# TASK ITEM
The answer must consist solely of the lines from the one with "Baby Girl Hand" through the last line of the data, copied exactly, with no pictures.

DATA RECORDS below:

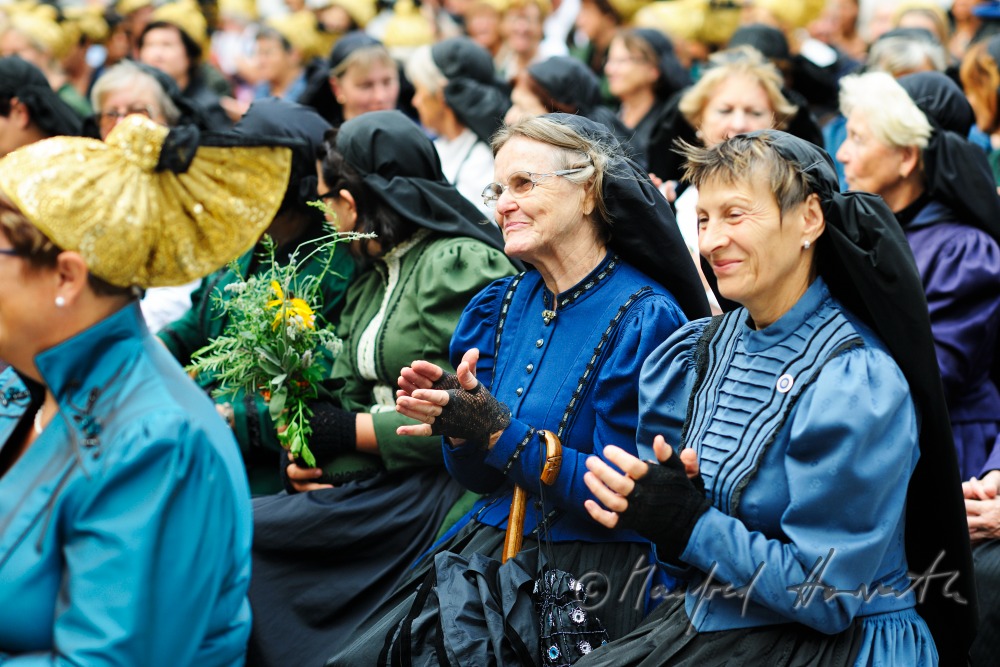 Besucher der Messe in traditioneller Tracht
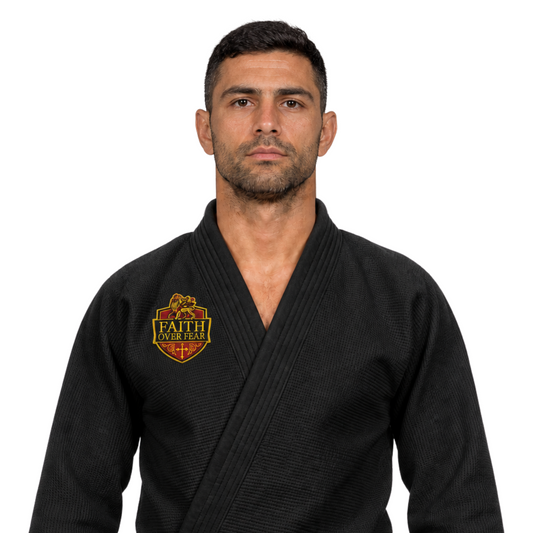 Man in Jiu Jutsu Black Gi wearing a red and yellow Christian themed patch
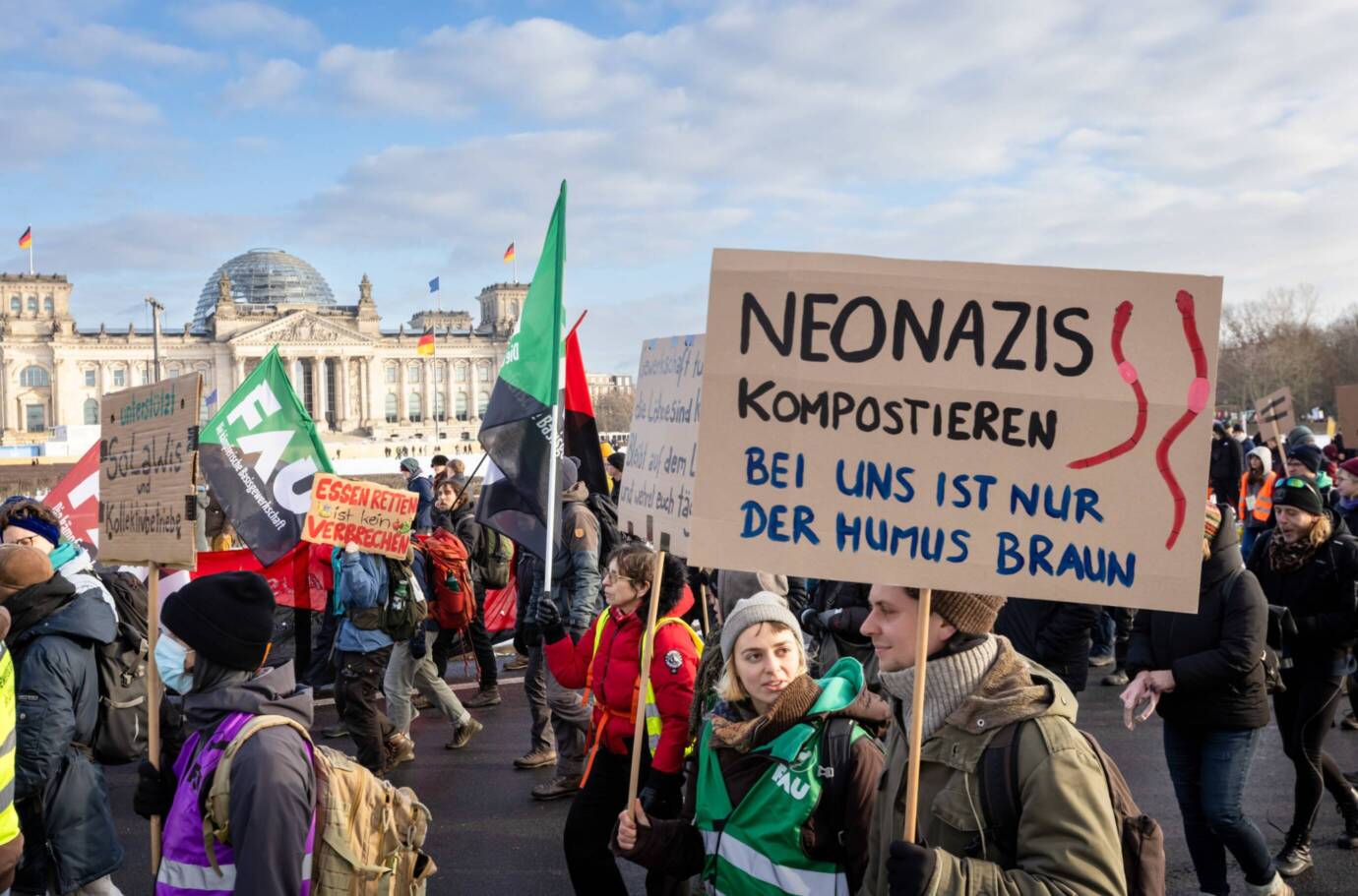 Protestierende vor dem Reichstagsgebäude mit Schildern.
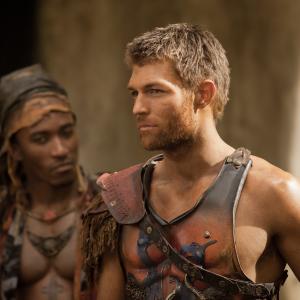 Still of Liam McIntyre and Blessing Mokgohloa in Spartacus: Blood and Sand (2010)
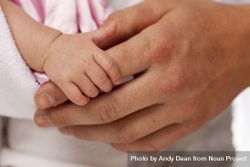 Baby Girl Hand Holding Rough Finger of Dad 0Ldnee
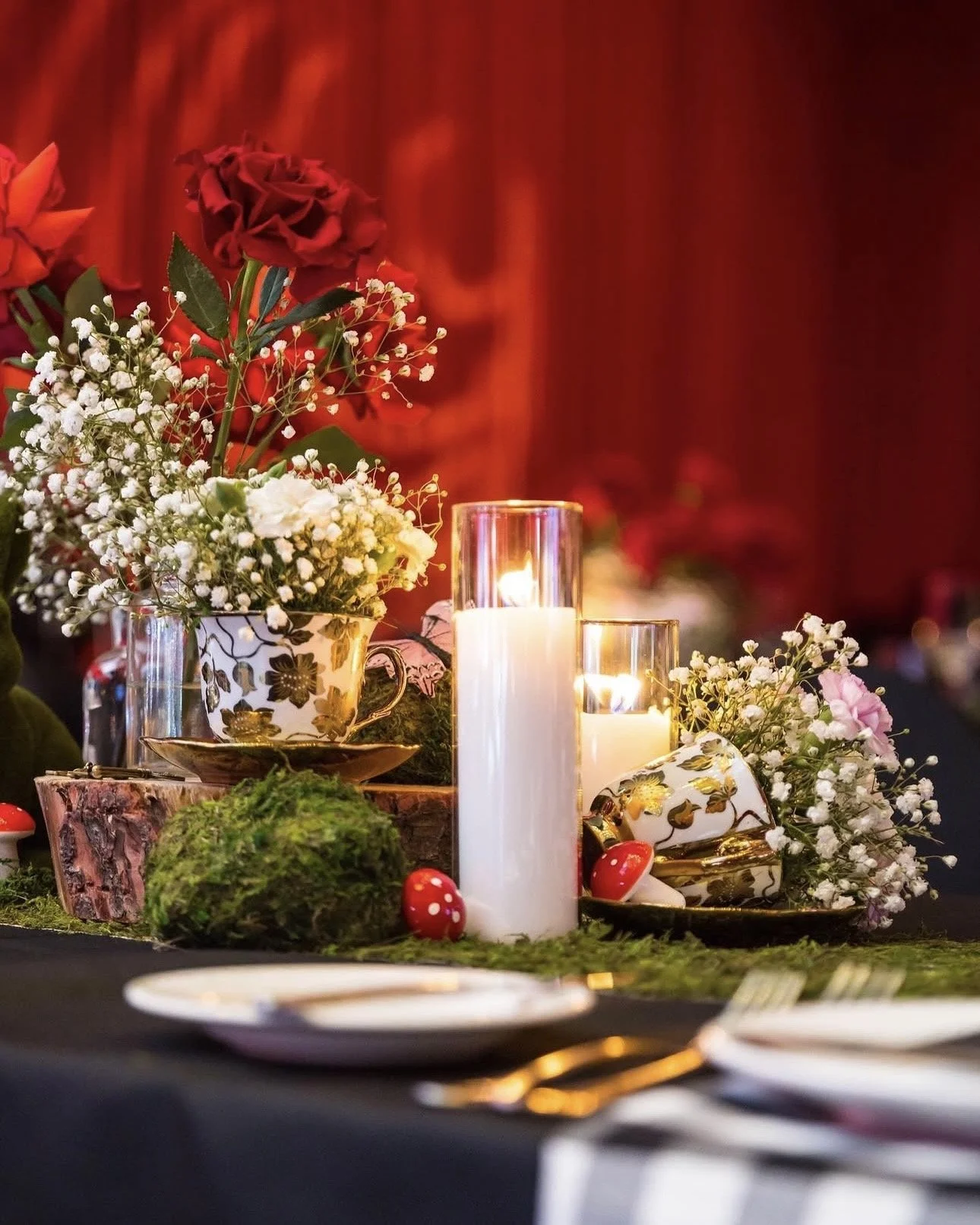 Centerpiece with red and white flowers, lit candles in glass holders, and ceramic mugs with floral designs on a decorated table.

End of DATA RECORDS.

# COMPLETED EXERCISE
 Baby Girl Hand Holding Rough Finger of Dad 0Ldnee
 Centerpiece with red and white flowers, lit candles in glass holders, and ceramic mugs with floral designs on a decorated table.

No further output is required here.